In the experiments used to analyze the effect of process parameters on the coupling glass contamination and penetration depth, the inner diameter of the cylinder gas nozzle (Dnozzle) and the shielding gas flow rate were set at three and four levels of control parameters, respectively. Each level of control parameter and the names of the conditions are given in Table 1. The maximum shielding gas flow rate was chosen by considering the maximum pumping rate of the vacuum pump.
In order to visualize and quantify the contamination during the VLBW process, the transmittance of the coupling glass was measured using a spectrum transmission meter, which has an IR peak wavelength of 940 nm and a resolution of 0.1%. The wavelength selected was the highest wavelength available in the spectrum transmission meter and the wavelength nearest to the laser wavelength (1070 nm). Transmittance was measured within the process laser transmission region, the diameter of which was 10 mm (Figure 5a). A total of 41 transmittance values were recorded at 1 mm intervals in eight radial directions from the center, as shown in Figure 5b. The measured transmittance was converted into a contamination index, as follows:
Contamination Index [%] = 1 − Transmittance [%]
Figure 5c indicates the analysis domains that were divided to define the spatial distribution of contamination. If the welding fume rises vertically, the center of the coupling glass will be the most contaminated, and the degree of contamination will be lower toward the periphery. Therefore, it was expected that the contamination of the coupling glass by the welding fume would follow the standard normal distribution curve. Accordingly, they were divided into three domains, such as sigma zone. A domain was set every 1/3 r i , where r i is the radius of the process laser transmission region, 5 mm. The median value of the contamination indexes in each domain was used to represent contamination within the domain. To analyze the correlation between the contamination index and the welding consistency, the penetration depths of the welding specimens were measured after the 1st welding trial (W1) and the 10th welding trial (W10), respectively. The sampling locations for five cross-sections are indicated as the positions (a) to (e) in Figure 3. In addition, the relative penetration depth ( S r   [ % ] = ( S 10 / S 1 ) × 100 ) , where S1 and S10 are the penetration depths on the welding samples for W1 and W10, respectively, was calculated to evaluate the welding consistency to evaluate the process parameters of the flow rate and the Dnozzle.

3. Results and Discussion

3.1. Contamination Behavior

3.1.1. Distribution of Contamination on the Coupling Glass

Figure 6 shows the contaminated coupling glass and contamination index distribution after W10 under the reference parameter set (D0_F0.0) in Table 1. After welding, the laser transmission region on the coupling glass turned an opaque gray color, and its surrounding area became a brown color (Figure 6a). The contamination index for all measured points ranged from 13.4% to 42.6%. Domain 1 showed the highest contamination with 41.2% of the median contamination index. Domain 2 showed 39.5%, and domain 3 showed 28.7% of the median contamination index (Figure 6b).
During the welding trial, welding fumes adhered to the coupling glass, and some fume particles with weak adhesion detached from the coupling glass during the break between the welding trials. For the reference condition, shielding gas was not supplied, and the distribution of contamination on the coupling glass was similar to the velocity distribution of fume particles normalized to the center, as shown in Figure 6b. The contamination accumulated over the welding trial due to the successive adhesion of fume particles. As this occurred, the contamination on the coupling glass absorbed laser energy and raised the temperature of the adhered particles, which accelerated the contamination by further enhancing adhesion.
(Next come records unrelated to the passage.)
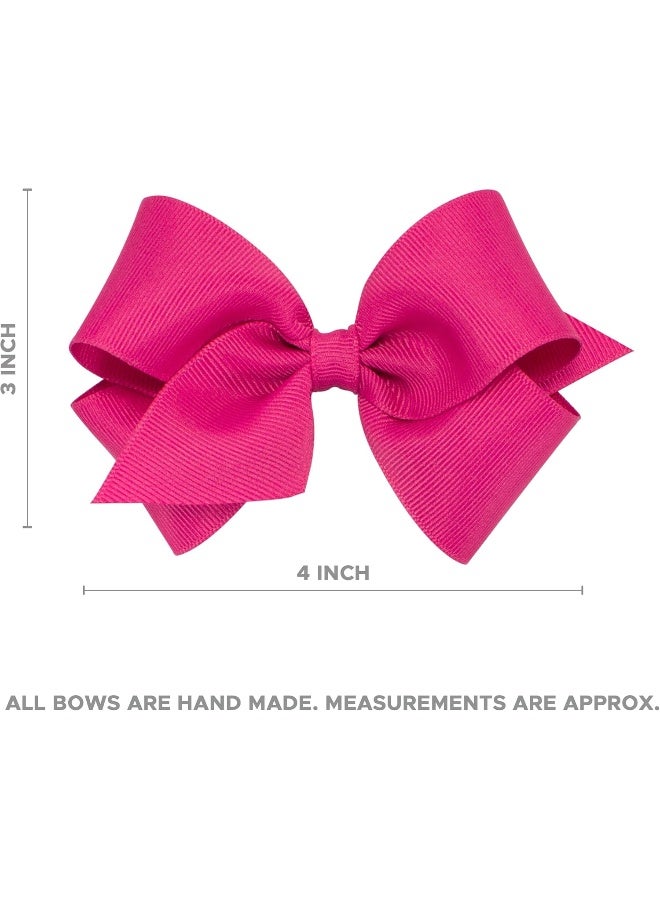 Wee Ones Wee Ones Baby Girl's Extra Small Grosgrain Bow On Matching Elastic Band, 6-24 Months, White  - Image 2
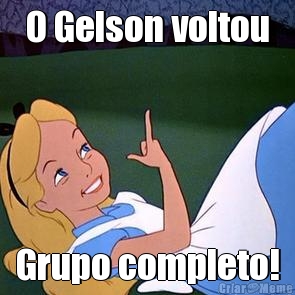 O Gelson voltou Grupo completo!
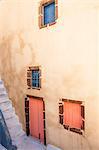 Painted building, Oia, Santorini, Cyclades, Greek Islands, Greece, Europe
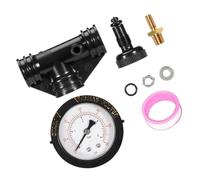 BEAZOOM Kit de soupape de décharge d'air de piscine pour Pentair pour filtres Triton II TR40 TR50 TR60 TR100 TR140, avec manomètre pour joint d'étanchéité et clé, pièces d'entretien en laiton ABS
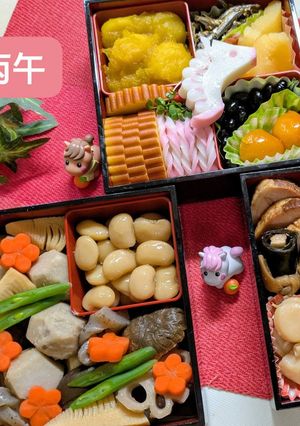 毎年ほとんど変わらない我が家のお節料理-レシピのメイン写真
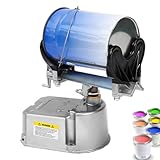 Pneumatischer Farbstreuer für 1-5L Farben und Tinten, 30° Oszillation, luftbetrieben mit verstellbarer Klemme, effiziente Mischmaschine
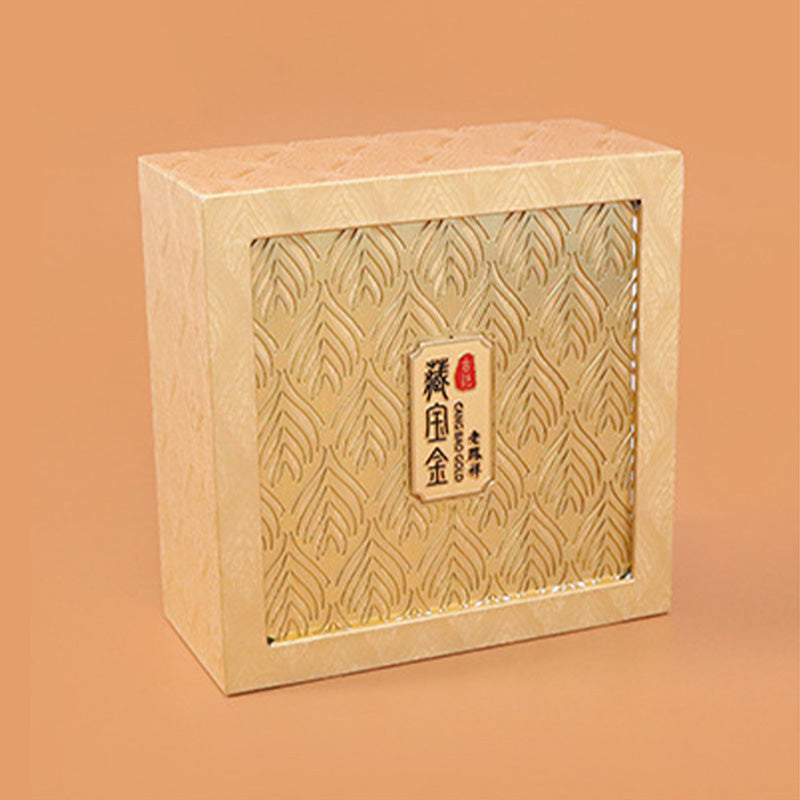 Coffret cadeau à motif de plumes pour rangement de bijoux rétro - image 1
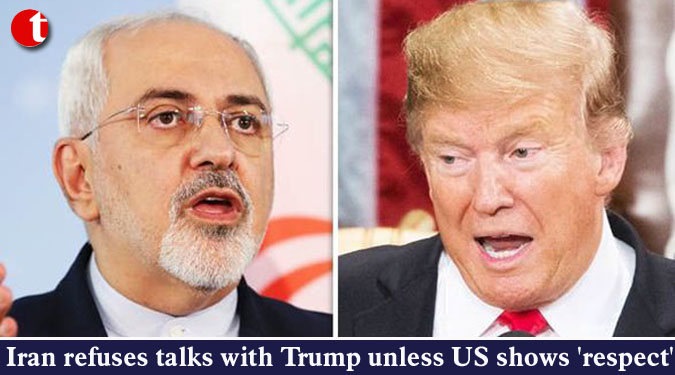 Iran refuses talks with Trump unless US shows 'respect'
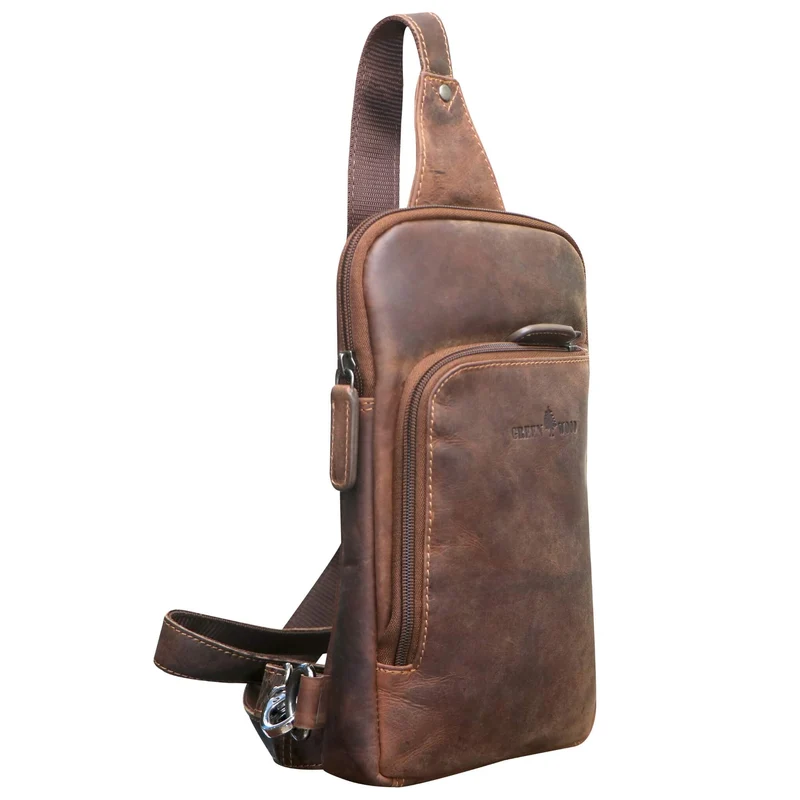 Alex Rucksack Umhängetasche Damen Leder Fahrradtasche Rucksack Herren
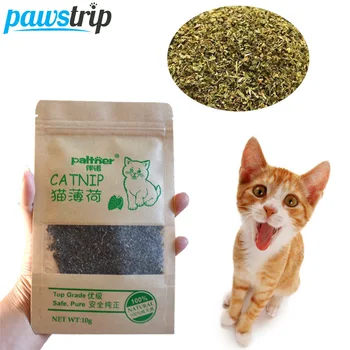 

Catnip Organic 100% Natural Premium Catnip Catmint 10g Menthol Flavor Funny Cat Toys Pet Healthy Safe Edible Treating gatos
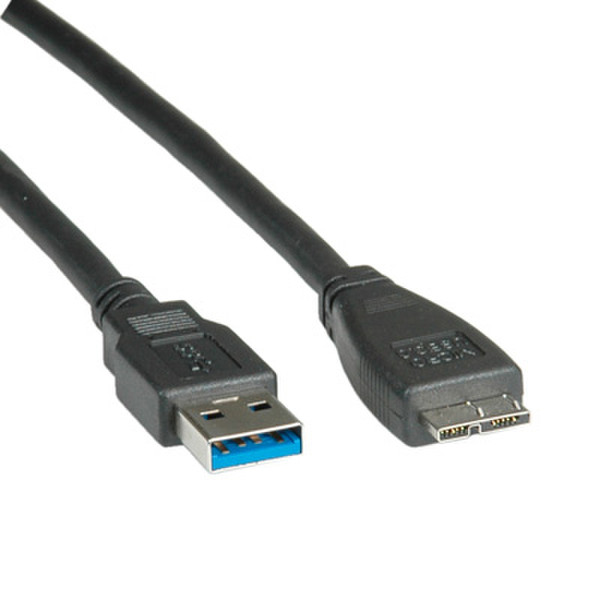 Rotronic 11.02.8874 2м USB A Micro-USB A Черный кабель USB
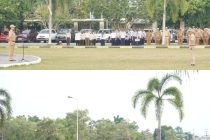 WAKIL WALIKOTA PRABUMULIH SEBAGAI PEMBINA APEL MINGGUAN DI HALAMAN KANTOR PEMERINTAH KOTA PRABUMULIH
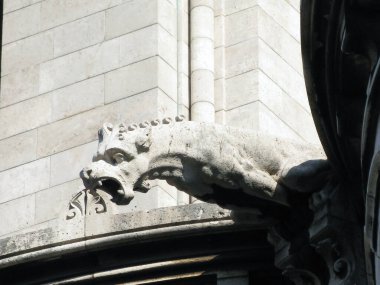 Paris , France 09-26-2009 A Gargoyle on the Basilica of the Sacr'e Coeur in the Montmartre area of Paris, France.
3.1.2. Penetration Depth Variation According to Location and Repetitive Welding Trials

For the reference parameter set, when shielding gas was not supplied, obvious differences in penetration depth could be observed along the location, as shown in the cross-sections of the W1 sample (Figure 7a). Although a new coupling glass without contamination was installed before the W1 trial, the glass became contaminated over the welding time, and the penetration depth continuously decreased. At the last measuring point, the measured penetration depth was 0.75 mm, which is only 68.8% of the maximum penetration depth of 1.09 mm.
The contamination accumulated continuously with the weld trials, and a penetration depth of 0.17 mm was obtained for the W10 trial, which was only 15.6% of the penetration depth observed for the W1 sample (Figure 7b). The results showed a severe reduction in penetration depth during the welding trial and between welding trials, which caused inconsistent welding quality that would not be acceptable in most applications. This confirmed that the contamination of the coupling glass needs to be controlled to maintain uniform weldability. In addition, the penetration depth from cross-section (a) to cross-section (e) of W10 is almost the same, indicating that the contamination of the coupling window does not increase indefinitely with time but seems to saturate to a certain value.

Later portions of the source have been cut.